Your instructions
Your answer should consist only of the lines below from the one with "Arabella ADX MA" through the one with "Honda’nın İlk Elektrikli", copied exactly.

Entries shown
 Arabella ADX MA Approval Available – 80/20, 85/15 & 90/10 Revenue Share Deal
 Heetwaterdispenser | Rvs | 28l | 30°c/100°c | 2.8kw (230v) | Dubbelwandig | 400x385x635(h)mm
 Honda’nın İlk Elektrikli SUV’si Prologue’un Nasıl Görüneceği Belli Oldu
--
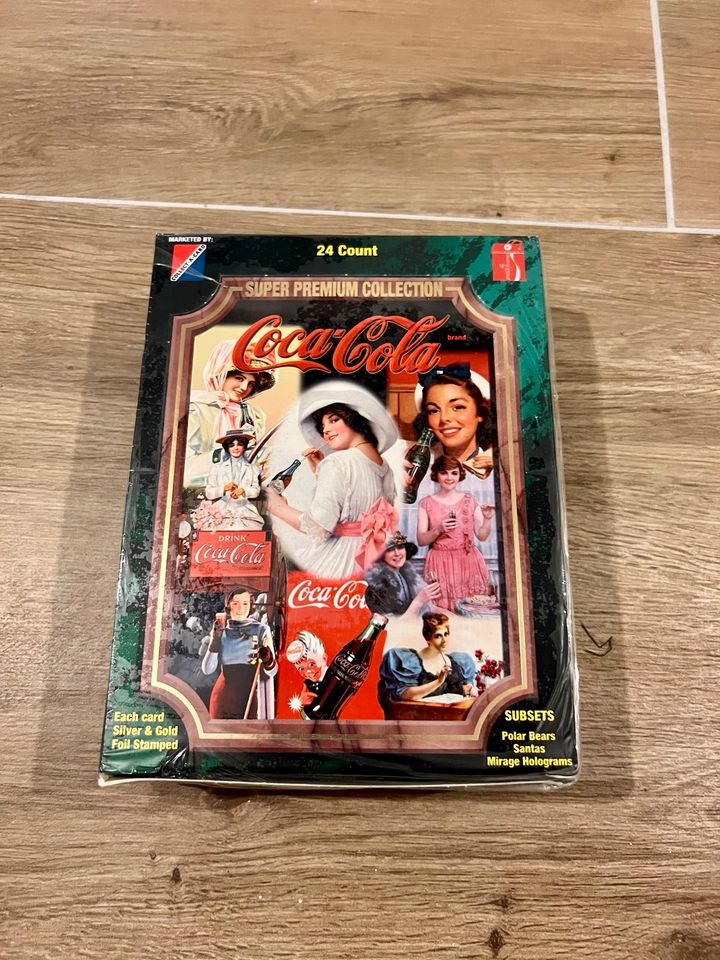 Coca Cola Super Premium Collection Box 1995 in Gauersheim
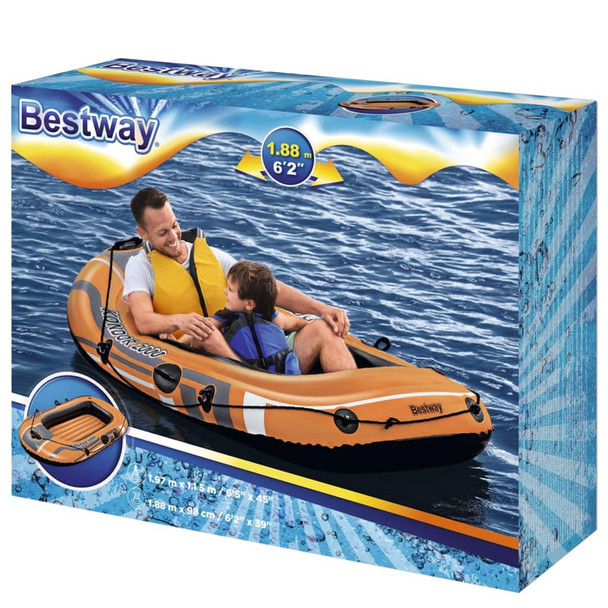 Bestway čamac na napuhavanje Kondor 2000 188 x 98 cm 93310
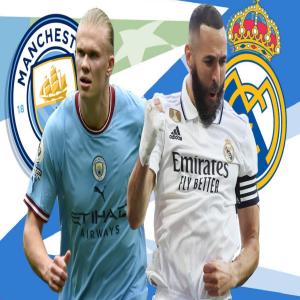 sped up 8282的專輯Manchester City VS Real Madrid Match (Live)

Exercise result
 Arabella ADX MA Approval Available – 80/20, 85/15 & 90/10 Revenue Share Deal
 Heetwaterdispenser | Rvs | 28l | 30°c/100°c | 2.8kw (230v) | Dubbelwandig | 400x385x635(h)mm
 Honda’nın İlk Elektrikli SUV’si Prologue’un Nasıl Görüneceği Belli Oldu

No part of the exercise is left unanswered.